Security Architecture

A secure MapR cluster provides the following specific security elements:
  • Communication between the nodes in the cluster is encrypted:
    • HBase traffic is secured with Kerberos.
    • NFS traffic between the server and cluster, traffic within the MapR-FS, and CLDB traffic is encrypted with secure MapR RPCs.
    • Traffic between JobClients, TaskTrackers, and JobTrackers is secured with MAPRSASL, an implementation of the Simple Authentication and Security Layer framework.
  • Support for Kerberos user authentication.
  • Support for Kerberos encryption for secure communication to open source components that require it.
  • Support for the Simple and Protected GSSAPI Negotiation Mechanism (SPNEGO) used with the web UI front ends of some cluster components.

Authentication Architecture: The maprlogin Utility

Explicit User Authentication
When you explicitly generate a ticket, you have the option to authenticate with your username and password or authenticate with Kerberos:
  1. The user invokes the maprlogin utility, which connects to a CLDB node in the cluster using HTTPS. The hostname for the CLDB node is specified in the mapr-clusters.conf file.
    1. When using username/password authentication, the node authenticates using PAM modules with the Java Authentication and Authorization Service (JAAS). The JAAS configuration is specified in the mapr.login.conf file. The system can use any registry that has a PAM module available.
    2. When using Kerberos to authenticate, the CLDB node verifies the Kerberos principal with the keytab file.
  2. After authenticating, the CLDB node uses the standard UNIX APIs getpwnam_r and getgrouplist, which are controlled by the /etc/nsswitch.conf file, to determine the user's user ID and group ID.
  3. The CLDB node generates a ticket and returns it to the client machine.
  4. The server validates that the ticket is properly encrypted, to verify that the ticket was issued by the cluster's CLDB.
  5. The server also verifies that the ticket has not expired or been blacklisted.
  6. The server checks the ticket for the presence of a privileged identity such as the mapr user. Privileged identities have impersonation functionality enabled.
  7. The ticket's user and group information are used for authorization to the cluster, unless impersonation is in effect.
Implicit Authentication with Kerberos
On clusters that use Kerberos for authentication, a MapR ticket is implicitly obtained for a user that that runs a MapR command without first using the maprlogin utility. The implicit authentication flow for the maprlogin utility first checks for a valid ticket for the user, and uses that ticket if it exists. If a ticket does not exist, the maprlogin utility checks if Kerberos is enabled for the cluster, then checks for an existing valid Kerberos identity. When the maprlogin utility finds a valid Kerberos identity, it generates a ticket for that Kerberos identity.

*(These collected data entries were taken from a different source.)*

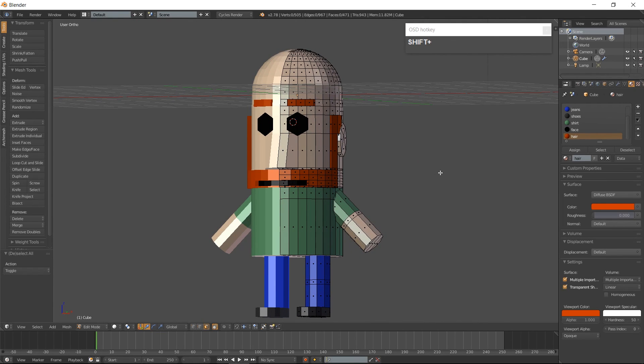And there is your very simple low-poly character. I hope you found this useful. Have a good day!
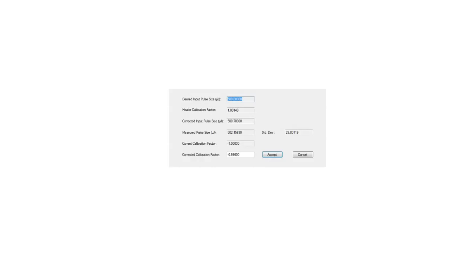If you are comfortable with your new calibration factor, click Accept and then you have now performed your new electrical calibration on your ITC.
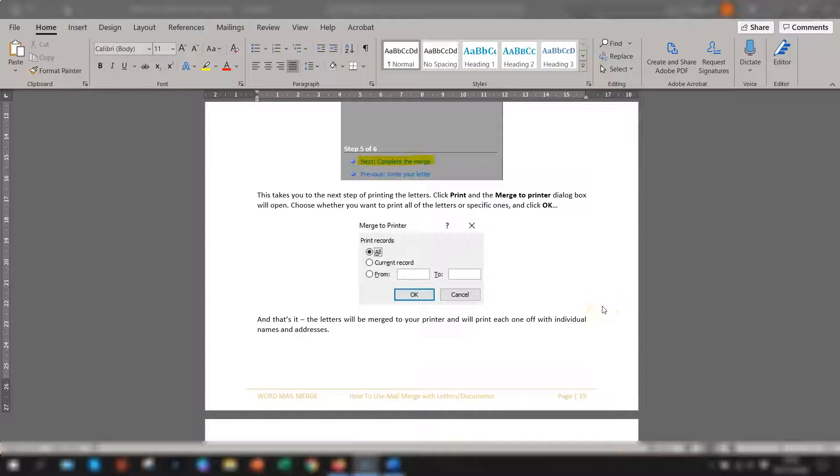Hi guys, welcome to Sharon's Tutorials. Today's tutorial is about page breaks in Word.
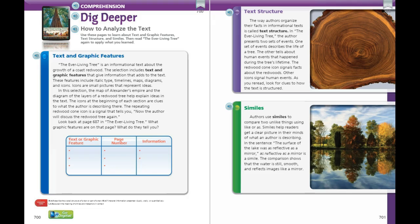Now that you have just read an informational text about the coast redwood, let's look at page 700 together in your book. Informational texts often contain text and graphic features that make important information easier to locate and understand. Text features like bold or italic print make some words stand out from the rest. Graphic features like diagrams, charts, and timelines simplify complicated information. The Ever-Living Tree includes italic type, timelines, maps, diagrams, and icons.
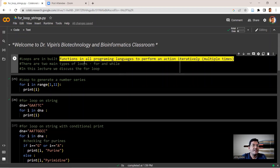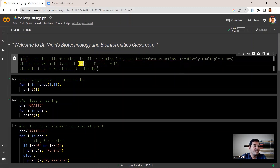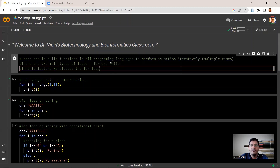Loops are basically constructs in all programming languages to perform an action iteratively, or to perform it multiple times. There are two main types of loops: the for loop and the while loop. The while loop is conceptually similar to the for loop except that you have to mention the condition where the loop has to stop. We'll discuss the while loop later; for now we focus on the for loop.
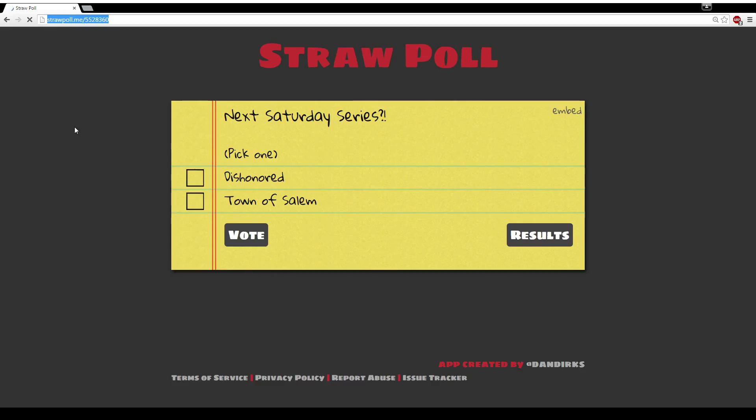So please, please, please vote in this poll. Whichever one has more votes will be the winner by next Saturday by the time I publish the video. So please, please, please go out and vote. I look forward to seeing the results.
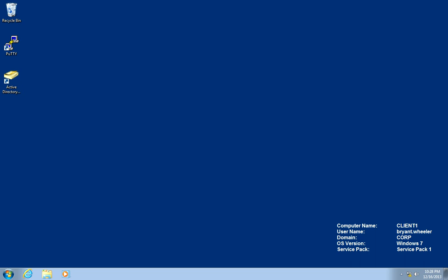This is the first of the labs that we're going to be using to address business problem number one. In this lab, we'll be working as Bryant, the Windows systems administrator from client one to create the OU in Active Directory and perform the delegation.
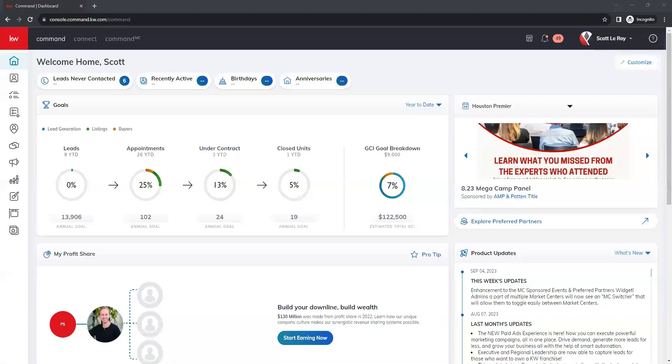Hi, this is Shalaya with Scott LeRoy Marketing, and I'm going to show you how to add and manage featured listings on the new command website.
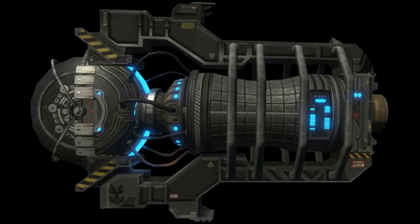The Shaw-Fujikawa Translight engine functions by creating ruptures — referred to in some sources as wormholes — between normal space and the alternate plane known as slipspace, also known as slipstream space or Shaw-Fujikawa Translight space. This engine creates ruptures by using high-power cyclic particle accelerators to generate microscopic black holes.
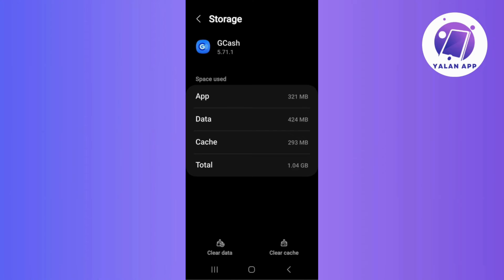To troubleshoot the issue of Gcache not opening on Android, kick things off with a clear cache. Simply head to your app settings, locate Gcache, and clear its cache. This helps eliminate any temporary glitches or stored data that might be causing hindrance, giving your Gcache a fresh start to operate smoothly.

Authorization Architecture: ACLs and ACEs

An Access Control List (ACL) is a list of users or groups. Each user or group in the list is paired with a defined set of permissions that limit the actions that the user or group can perform on the object secured by the ACL. In MapR, the objects secured by ACLs are the job queue, volumes, and the cluster itself.

A job queue ACL controls who can submit jobs to a queue, kill jobs, or modify their priority. A volume-level ACL controls which users and groups have access to that volume, and what actions they may perform, such as mirroring the volume, altering the volume properties, dumping or backing up the volume, or deleting the volume.

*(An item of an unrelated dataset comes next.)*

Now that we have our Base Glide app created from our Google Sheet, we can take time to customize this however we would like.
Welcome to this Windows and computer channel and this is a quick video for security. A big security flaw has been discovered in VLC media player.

An Access Control Expression (ACE) is a combination of user, group, and role definitions. A role is a property of a user or group that defines a set of behaviors that the user or group performs regularly. You can use roles to implement your own custom authorization rules. ACEs are used to secure MapR tables that use native storage.

Encryption Architecture: Wire-Level Security

MapR uses a mix of approaches to secure the core work of the cluster and the Hadoop components installed on the cluster.

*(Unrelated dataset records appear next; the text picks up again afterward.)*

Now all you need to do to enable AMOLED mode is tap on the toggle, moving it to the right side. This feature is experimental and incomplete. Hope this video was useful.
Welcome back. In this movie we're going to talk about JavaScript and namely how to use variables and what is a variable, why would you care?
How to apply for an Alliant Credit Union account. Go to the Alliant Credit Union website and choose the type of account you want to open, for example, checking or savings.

Nodes in a MapR cluster use different protocols depending on their tasks:
  • The FileServer, JobTracker, and TaskTracker use MapR tickets to secure their remote procedure calls (RPCs) with the native MapR security layer. Clients can use the maprlogin utility to obtain MapR tickets. Web UI elements of these components use password security by default, but can also be configured to use SPNEGO.
  • HiveServer2, Flume, and Oozie use MapR tickets by default, but can be configured to use Kerberos.
  • HBase and the Hive metaserver require Kerberos for secure communications.
  • The MCS Web UI is secured with passwords. The MCS Web UI does not support SPNEGO for users, but supports both password and SPNEGO security for REST calls.

Servers must use matching security approaches. When an Oozie server, which supports MapR Tickets and Kerberos, connects to HBase, which supports only Kerberos, Oozie must use Kerberos for outbound security. When servers have both MapR and Kerberos credentials, these credentials must map to the same User ID to prevent ambiguity problems.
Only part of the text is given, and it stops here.